== Dataset records ==
▼
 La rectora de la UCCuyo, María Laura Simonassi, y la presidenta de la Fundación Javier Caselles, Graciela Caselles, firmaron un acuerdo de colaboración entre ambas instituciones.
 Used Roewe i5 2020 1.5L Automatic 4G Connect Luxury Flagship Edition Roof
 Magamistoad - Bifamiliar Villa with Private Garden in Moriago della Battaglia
▲
▼
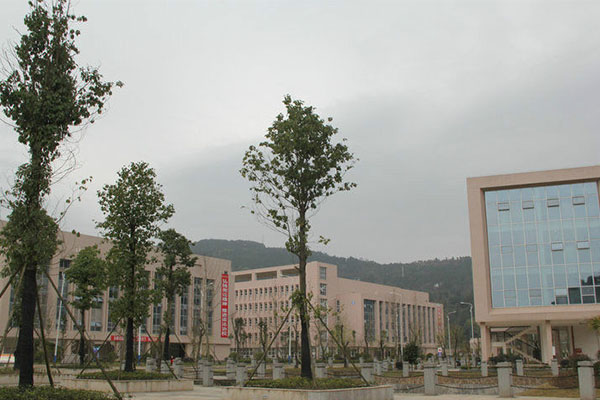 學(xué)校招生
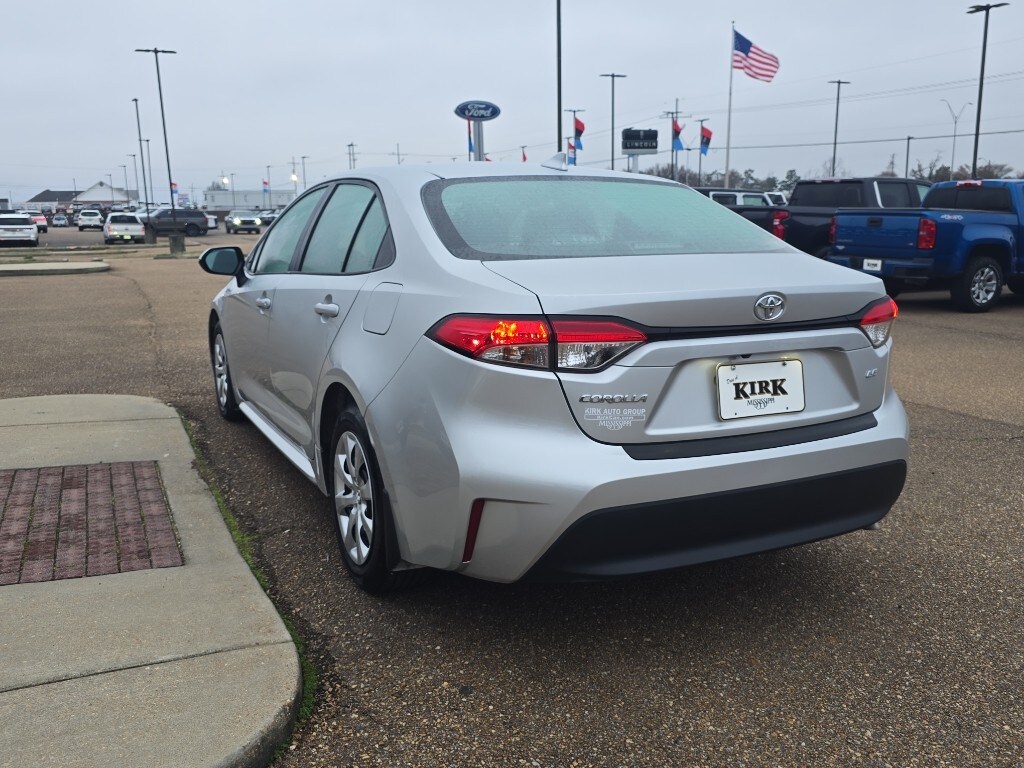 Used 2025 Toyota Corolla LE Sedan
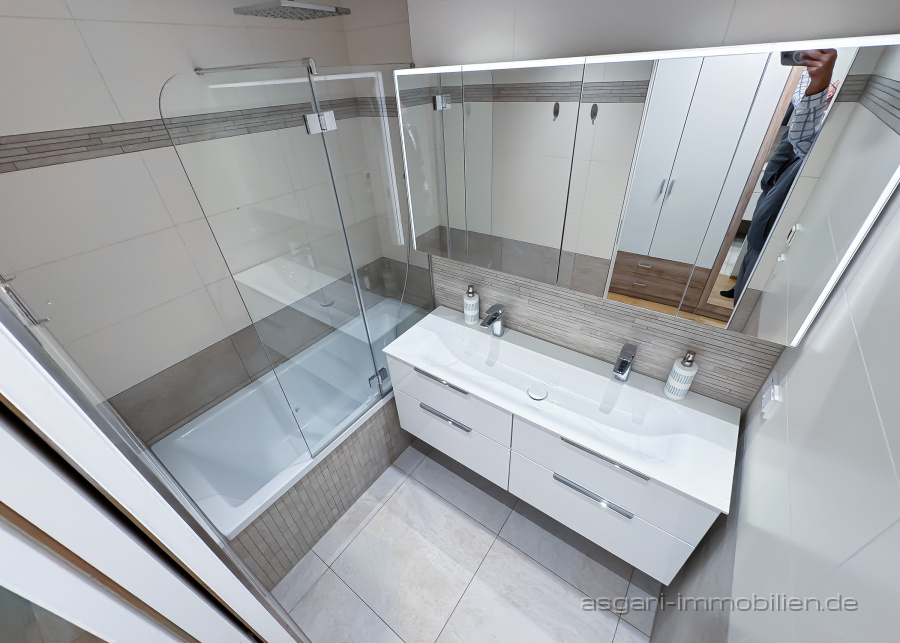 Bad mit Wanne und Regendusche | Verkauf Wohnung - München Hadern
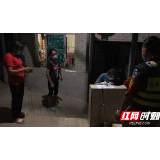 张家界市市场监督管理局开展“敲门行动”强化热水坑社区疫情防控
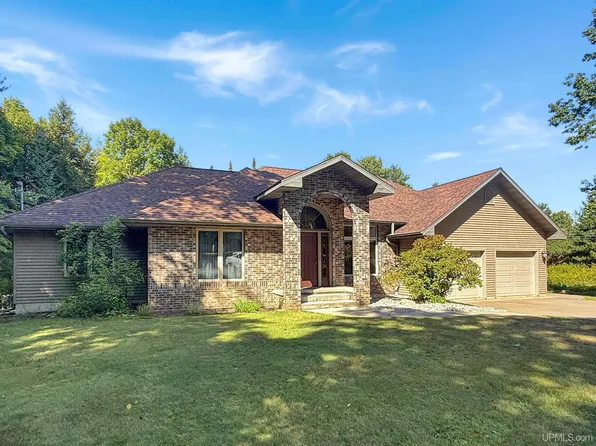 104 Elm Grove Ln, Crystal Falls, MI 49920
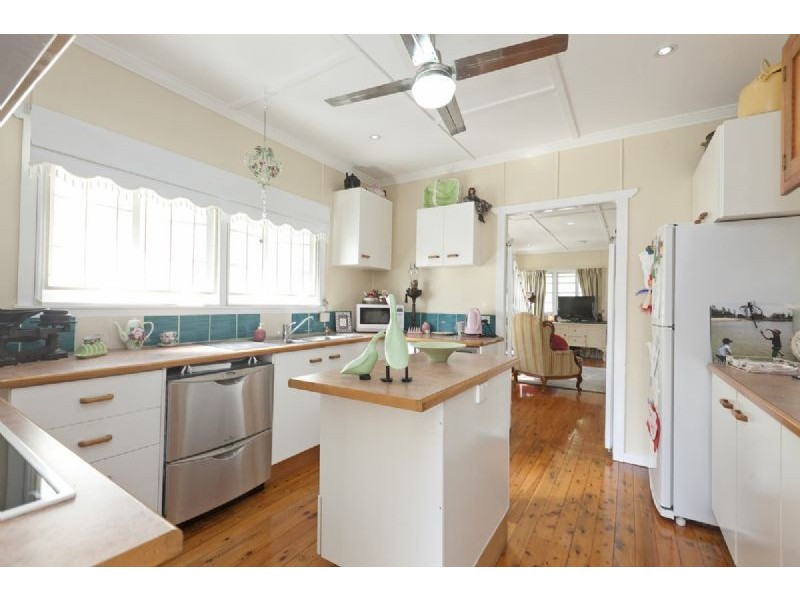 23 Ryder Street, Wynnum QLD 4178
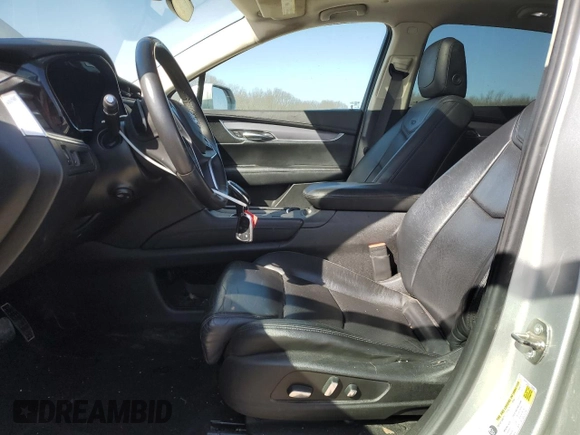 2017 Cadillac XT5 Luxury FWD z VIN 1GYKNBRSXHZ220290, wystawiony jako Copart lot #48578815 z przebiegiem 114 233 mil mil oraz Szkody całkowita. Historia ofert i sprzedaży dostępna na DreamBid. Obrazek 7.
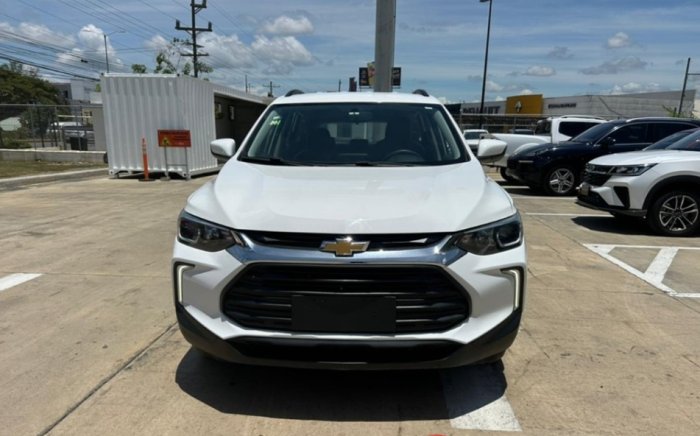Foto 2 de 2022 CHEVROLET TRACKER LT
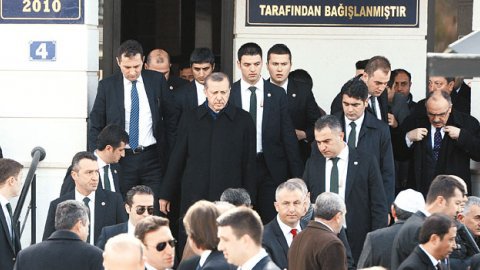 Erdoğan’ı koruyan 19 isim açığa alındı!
▲
Using the records above, restate word for word the lines from the one with "La rectora de" through the one with "Magamistoad - Bifamiliar", both included.

== Answer section ==
 La rectora de la UCCuyo, María Laura Simonassi, y la presidenta de la Fundación Javier Caselles, Graciela Caselles, firmaron un acuerdo de colaboración entre ambas instituciones.
 Used Roewe i5 2020 1.5L Automatic 4G Connect Luxury Flagship Edition Roof
 Magamistoad - Bifamiliar Villa with Private Garden in Moriago della Battaglia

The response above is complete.